In this paper, finite element numerical simulations were conducted to investigate the pullout capacity of suction anchors under inclined loading. The study examined the effects of varying soil parameters S_um/kD and layer thickness ratios T_h/L and T_c/L on the optimum centerline loading depth Z_cl,opt, uniaxial ultimate bearing capacity (H_ult and V_ult), and VH failure envelope of suction anchors. The main conclusions are as follows.

(1) The layer thickness ratio Th/L of the LOC is the core factor controlling Z_cl,opt. When the suction anchor partially embeds into the LOC layer, as the LOC layer thickness increases, the upper portion of the suction anchor contributes more lateral friction resistance. To balance the moments, the suction anchors Z_cl,opt shifts downward. When the suction anchor is fully embedded in the LOC soil layer, Z_cl,opt depends solely on the parameters of the LOC soil mass.

(2) The thickness ratio T_h/L of the LOC soil layer is the core factor determining the uniaxial ultimate bearing capacity, as the undrained shear strength of the LOC layer is significantly higher than that of the NC layer.With the larger the length of the suction anchor embedded into the LOC layer, the combined effect of lateral friction resistance and end resistance at the anchor-soil interface becomes more pronounced. The layered soil makes the soil strength along the clay surface exhibit non-uniformity. The increase in S_um/kD enhances the uniaxial bearing capacity of layered clay. The thickness of the NC layer T_c/L, has little effect on the horizontal ultimate bearing capacity H_ult but significantly influences the vertical ultimate bearing capacity V_ult.

(3) The strength of the LOC soil is relatively high. As the thickness ratio T_h/L increases, the contact area between the suction anchor and the high-strength clay expands, which provides more uniform and greater lateral friction at the anchor-soil interface. When the horizontal bearing capacity increases, the decrease in vertical bearing capacity becomes more gradual. The lower bound solution for the VH failure envelope of the corresponding layered soil has been obtained.

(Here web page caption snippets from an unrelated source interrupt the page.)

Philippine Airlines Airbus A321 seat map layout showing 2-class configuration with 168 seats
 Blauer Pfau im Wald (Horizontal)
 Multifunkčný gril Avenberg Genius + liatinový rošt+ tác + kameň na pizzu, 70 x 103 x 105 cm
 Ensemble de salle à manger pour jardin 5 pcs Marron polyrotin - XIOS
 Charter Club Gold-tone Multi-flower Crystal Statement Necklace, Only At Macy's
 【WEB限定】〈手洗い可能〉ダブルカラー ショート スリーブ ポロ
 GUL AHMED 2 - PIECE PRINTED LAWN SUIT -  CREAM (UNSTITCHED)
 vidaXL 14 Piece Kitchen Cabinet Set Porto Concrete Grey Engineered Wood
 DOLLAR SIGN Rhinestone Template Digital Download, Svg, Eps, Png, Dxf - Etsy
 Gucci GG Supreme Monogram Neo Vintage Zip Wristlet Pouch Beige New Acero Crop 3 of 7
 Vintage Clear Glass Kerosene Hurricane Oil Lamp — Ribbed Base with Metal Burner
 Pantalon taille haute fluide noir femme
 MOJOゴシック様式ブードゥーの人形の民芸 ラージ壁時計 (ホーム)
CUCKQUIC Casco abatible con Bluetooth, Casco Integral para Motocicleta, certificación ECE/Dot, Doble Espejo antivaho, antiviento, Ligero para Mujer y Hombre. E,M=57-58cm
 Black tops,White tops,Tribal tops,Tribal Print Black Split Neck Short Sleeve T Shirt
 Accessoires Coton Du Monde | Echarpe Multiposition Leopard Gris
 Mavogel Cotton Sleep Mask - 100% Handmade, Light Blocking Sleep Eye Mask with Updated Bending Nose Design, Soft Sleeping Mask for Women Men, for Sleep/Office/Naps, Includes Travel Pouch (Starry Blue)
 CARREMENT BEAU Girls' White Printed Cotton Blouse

(4) A comparative analysis of the pullout bearing capacity of suction anchors under inclined loads in layered clay and homogeneous clay reveals that soil layering significantly affects the bearing capacity of suction anchors. In homogeneous clay, the pullout bearing capacity of suction anchors is solely influenced by the soil strength S_um/kD. In contrast, the pullout bearing capacity in layered clay is affected by factors including the soil strength S_um/kD and the soil layer thickness ratio T/L.